A few pages into Lina Wolff’s third book, something that is not allowed to happen happens. The character Ellinor burns the only copy of a still unpublished book manuscript called “Polyglot lovers”. Page by page is thrown into the fire. As a lover of literature, I want to stop reading, but I can’t.
Wolff’s novel Polyglot Lovers is divided into three parts. In the first part, we follow Ellinor. She is thirty-six years old, comes from a small village in Skåne and has a series of less successful relationships behind her. Her first boyfriend taught her how to fight. Fighting is her passion in life.
The first part about Ellinor gives me an ache in my stomach. The character seems so helpless and like she has no will of her own. But at the same time she is strong, aggressive and seems to do exactly what she wants.
Wolff does not polish anything, but allows the character’s less flattering personality traits to shine through explicitly. As a reader, I sometimes have to fill in how different places and characters look which is fine since it’s not the surroundings that are interesting in this book.
The second part follows Max, the author of the screenplay Polyglot Lovers. He is contemplating his own marriage. “Why are you so weak, why can’t you do this? My admiration for people who manage to stay together are boundless. I imagined them making gigantic sacrifices to be able to play the game, to endure the draining of their life with a smile on their face.” He wrote the script because he wants a lover that speak all his languages. In the end he longs to be several different people, different personalities at the same time.

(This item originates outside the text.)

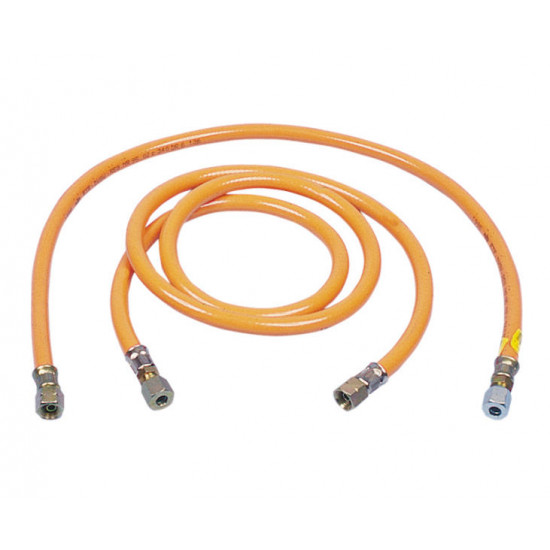 Gas hose 40 cm - 1/4" on both ends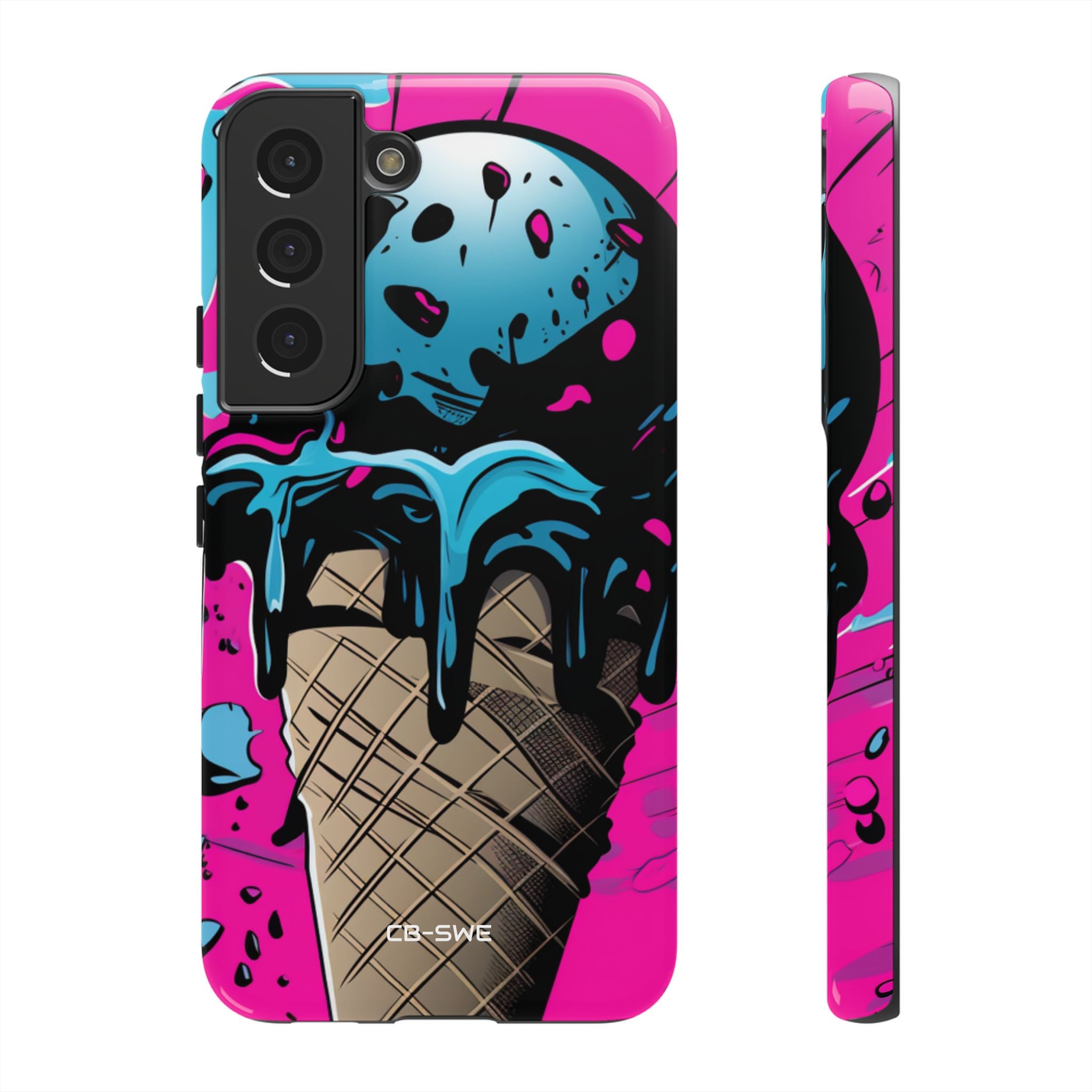 Vibrant Ice Cream Splash - Samsung Case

In the third part, we meet Lucrezia. She was a descendant of one of Italy’s most noble families. Max spent time in the family’s summer palace when he wrote the pages that was burned. By the third part, Lucretia’s family is on the verge of poverty.
Lina Wolff manages to portray psychologically complex characters that leave me as a reader with questions and concerns without obvious answers. And this is partly what made me fall for the book. After the success of Many People Die Like You (2009) and her second novel Bret Easton Ellis and the Other Dogs (2012), she manages to outdo herself. It’s no wonder that Polyglot Lovers has been awarded the Svenska Dagbladet Literature Prize and the August Prize in 2016.
It is only at the end of the book that I begin to understand how things are connected. The narrative constantly hovers around the book manuscript, intertwining into a discernible pattern.